За примерами далеко ходить не надо: взять ту же готику: тяжеловесно-мрачную – в Скандинавии и Северной Германии, торжественную – во Франции, помпезную – в Испании, легкую, светлую – в Италии (флорентийская колокольня Джотто и миланский собор). Вместе с тем, в готическом стиле все же сохраняется паритет между конструктивными, собственно архитектурными компонентами (стрельчатые окна и своды, нервюры, контрфорсы) и декоративными элементами. С приходом барокко и его финальной модификацией (рококо) декор, то есть дизайн, побеждает конструкцию. Последнее размежевание этих двух составляющих произошло в начале ХХ века, с появлением стиля модерн (ар-нуво, ар-деко) и конструктивизма. Если первое целиком относилось к области дизайна, то второе было чистой архитектурой. К сожалению, несмотря на мощный старт и обилие теоретических построений, конструктивизм недолго оставался в сфере искусства – ровно до тех пор, пока им занимались действительно выдающиеся художники – Гропиус, Ле Корбюзье, Мельников, Райт или Аалто. Кажущаяся простота их творений породила даже не эпигонство, а упрощенное копирование высоких образцов – в сущности, все свелось к возведению бесчисленных бетонных коробок (благо новые технологии позволяли создавать их быстро и дешево). И чем этих коробок становилось больше, тем дальше они уходили от основополагающих принципов красоты.

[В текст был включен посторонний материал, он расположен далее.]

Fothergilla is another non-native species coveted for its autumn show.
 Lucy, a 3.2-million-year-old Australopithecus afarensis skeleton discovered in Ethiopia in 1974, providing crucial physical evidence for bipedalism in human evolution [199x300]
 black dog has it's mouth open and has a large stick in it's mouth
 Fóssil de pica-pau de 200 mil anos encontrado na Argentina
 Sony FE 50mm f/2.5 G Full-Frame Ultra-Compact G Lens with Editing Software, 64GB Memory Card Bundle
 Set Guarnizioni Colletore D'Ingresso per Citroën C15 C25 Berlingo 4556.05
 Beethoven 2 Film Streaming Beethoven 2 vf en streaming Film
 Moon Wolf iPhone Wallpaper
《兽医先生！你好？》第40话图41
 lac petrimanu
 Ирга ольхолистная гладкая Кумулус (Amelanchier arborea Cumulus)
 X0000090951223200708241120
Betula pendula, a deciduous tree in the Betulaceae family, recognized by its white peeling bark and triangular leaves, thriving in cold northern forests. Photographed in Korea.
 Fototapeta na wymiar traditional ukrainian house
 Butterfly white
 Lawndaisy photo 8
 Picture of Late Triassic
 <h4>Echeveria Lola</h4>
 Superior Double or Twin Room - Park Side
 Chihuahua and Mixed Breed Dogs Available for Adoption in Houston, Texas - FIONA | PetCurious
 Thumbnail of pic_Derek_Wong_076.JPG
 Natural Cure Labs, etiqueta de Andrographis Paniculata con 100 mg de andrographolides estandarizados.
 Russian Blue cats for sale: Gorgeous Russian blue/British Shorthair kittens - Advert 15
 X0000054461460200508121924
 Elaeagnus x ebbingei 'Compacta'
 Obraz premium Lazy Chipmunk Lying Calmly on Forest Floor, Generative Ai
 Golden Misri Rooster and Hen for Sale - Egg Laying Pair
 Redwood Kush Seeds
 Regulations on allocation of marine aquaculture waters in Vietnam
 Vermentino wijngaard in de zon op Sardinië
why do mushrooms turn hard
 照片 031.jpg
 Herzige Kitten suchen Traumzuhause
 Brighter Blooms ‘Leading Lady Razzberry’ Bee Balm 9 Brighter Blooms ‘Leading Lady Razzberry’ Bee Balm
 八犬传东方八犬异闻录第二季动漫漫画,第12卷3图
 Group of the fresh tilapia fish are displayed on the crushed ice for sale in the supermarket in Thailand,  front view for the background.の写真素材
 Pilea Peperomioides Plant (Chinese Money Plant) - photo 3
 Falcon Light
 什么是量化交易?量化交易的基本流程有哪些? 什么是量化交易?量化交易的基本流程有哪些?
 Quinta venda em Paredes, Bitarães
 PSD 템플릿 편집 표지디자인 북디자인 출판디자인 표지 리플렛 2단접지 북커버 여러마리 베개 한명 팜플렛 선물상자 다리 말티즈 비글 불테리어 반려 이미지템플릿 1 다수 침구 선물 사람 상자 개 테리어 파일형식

Гладкие плоские стены, лишенные каких бы то ни было украшений, однотипность, безликость привели к тому, что окраины большинства городов стали не местом победы над пустотой, а именно этой самой пустотой, ужасом для глаза и души.
Несколько лет назад в нашей стране проводились психологические исследования, посвященные соотношению душевных состояний и среды обитания (прежде всего – в аспекте архитектурных особенностей этой среды). Вывод: у людей, живущих в квартирах старого фонда (с высокими потолками, в декорированных домах), депрессии случаются в несколько раз реже, нежели у тех, кто проживает в хрущевско-брежневских коробках-новостройках. Также в «спальных районах» тормозит и детское развитие (в сравнении с центральными). То есть при невероятной заполненности ими пространства, при кажущейся структурированности и оформленности именно эти коробки в действительности порождают хаос и пустоту – уже не физическую, а психическую.
Казалось бы, решение проблемы очевидно: бежать прочь из этого каменного уродства, но ведь это неосуществимо – в силу слишком многих причин. Альтернативный вариант – не прибегая к радикальным мерам, сосредоточиться на дизайне – если не в глобальном, то хотя бы в локальном применении – создавая пусть крошечное, но все же сугубо личное, даже интимное пространство для себя и по себе. Это немного, но в этом, по крайней мере, есть если не выход из мрака уродства и душевного дискомфорта (в конце концов, являющего собой главный недуг нынешних дней), то путь к нему.